Traditional Nakoda ceremonies were an integral part of sharing language over the four days. Attendees participated in a sweat, a round dance, hand games, storytelling, and pipe ceremonies.

During his presentation, Roger White Jr. from Fort Peck First Nation, Mont. made the statement, "Language is alive, it is living."

According to the Saskatchewan Indian Culture Centre there are approximately 3,492 Nakoda living in Saskatchewan, of those, only nine per cent are fluent speakers with the majority of those being elderly. Listening to the youth, the upstanding students from Mosquito, Carry the Kettle and Chiniki First Nations who were invited to come and share how and why they are learning their language, you could feel a true sense of hope the Nakoda language will grow in the years to come.
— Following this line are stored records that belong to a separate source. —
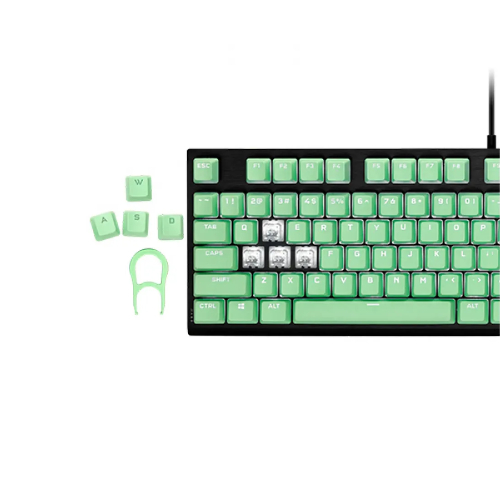 Corsair PBT Double-Shot Pro Keycap Mod Kit - Mint Green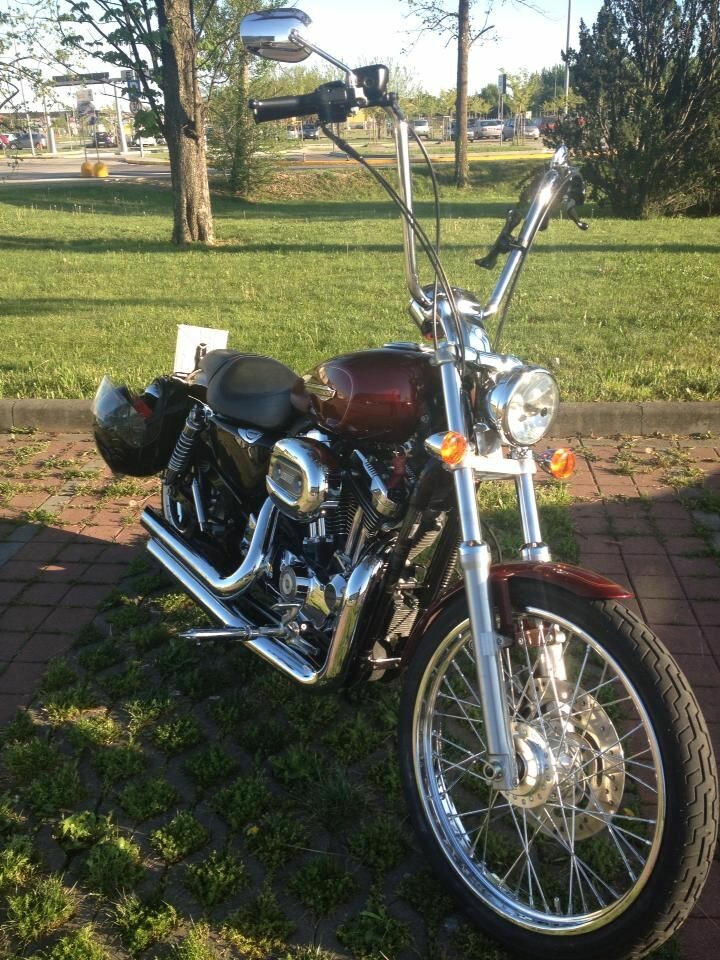 BURLY BRAND NARROW 14" APEHANGERS 1" CHROME
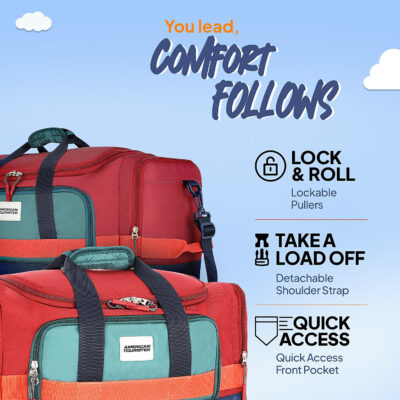 American Tourister Duffle Bag Red 3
The intent of this conference was to not only look at and develop further ways of keeping the Nakoda language alive with youth in the communities, but to begin the road to a confederacy among the Nakoda Nation

"How do we govern ourselves? How do we set up a confederacy? These borders mean nothing to us; overlook those borders, look at us as a tribe, a family," said James O'watch from Carry the Kettle First Nation in Saskatchewan in his presentation

Over the next month a Committee will be established with representatives from each Nakoda Band to help execute this five-year plan and put into place ideas brought forth for next year's Nakoda Language and Culture Conference. Thus begins the journey to establishing a future Nakoda Confederacy.